You should choose `type` from:

- OneBodyVariableUpdate
- ManyBodyUpdate

The manybody update is greatly more expensive, since it needs to be iterated as the SCF converges. We generally haven't seem substantial improvements with the many body update, and it is mostly useful for experimentation.

The `nonlinearity_cls` can currently take valuees:

- "NoNonLinearity"
- "MLPNonLinearity"

One-body linear updates are the simplest option. Nonlinear and many-body-style
updates add flexibility at higher complexity.

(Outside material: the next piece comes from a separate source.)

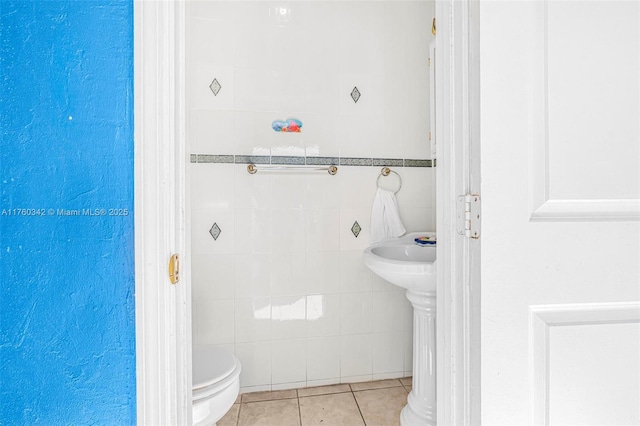 bathroom with tile patterned floors, toilet, and tile walls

The optional `--use_linear_local_charges` flag switches the field-independent
local density readout to a scaled linear local-source block.
`--atom_density_scaling` provides the species-dependent scaling for that path.

`--atom_density_scaling` accepts:

- `"None"`
  use a scale of `1.0` for every element;
- an explicit dictionary, for example `"{1: 0.5, 8: 2.0}"`;
- `"average"`
  compute one species scale from the training-set reference atomic multipoles.

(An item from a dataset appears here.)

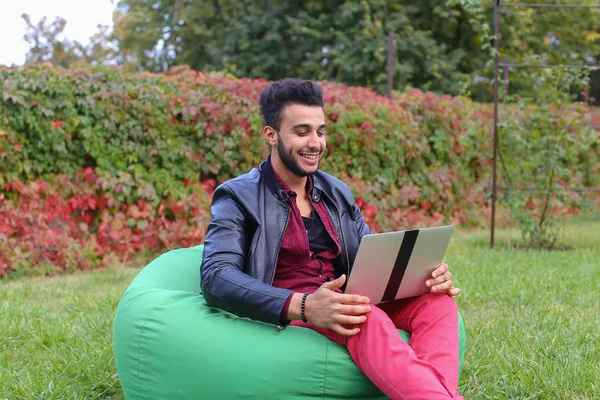 Succesvolle Arabisch jonge zakenman zit met Laptop in de stoel, S — Stockfoto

The `"average"` mode computes the RMS over all selected multipole components
up to `atomic_multipoles_max_l`, separately for each element, and returns the
scales in the model's atomic-number table order. Configs without reference
`atomic_multipoles` are excluded from the average using the stored property
weights, so missing multipoles do not lower the scale by entering as zeros.

### Nonlocal Energy Term

The fixed-point density is not obtained by minimizing a variational energy
functional. The model therefore has a separate density-dependent energy
readout, called `local_electron_energy` in `FixedPointCore`.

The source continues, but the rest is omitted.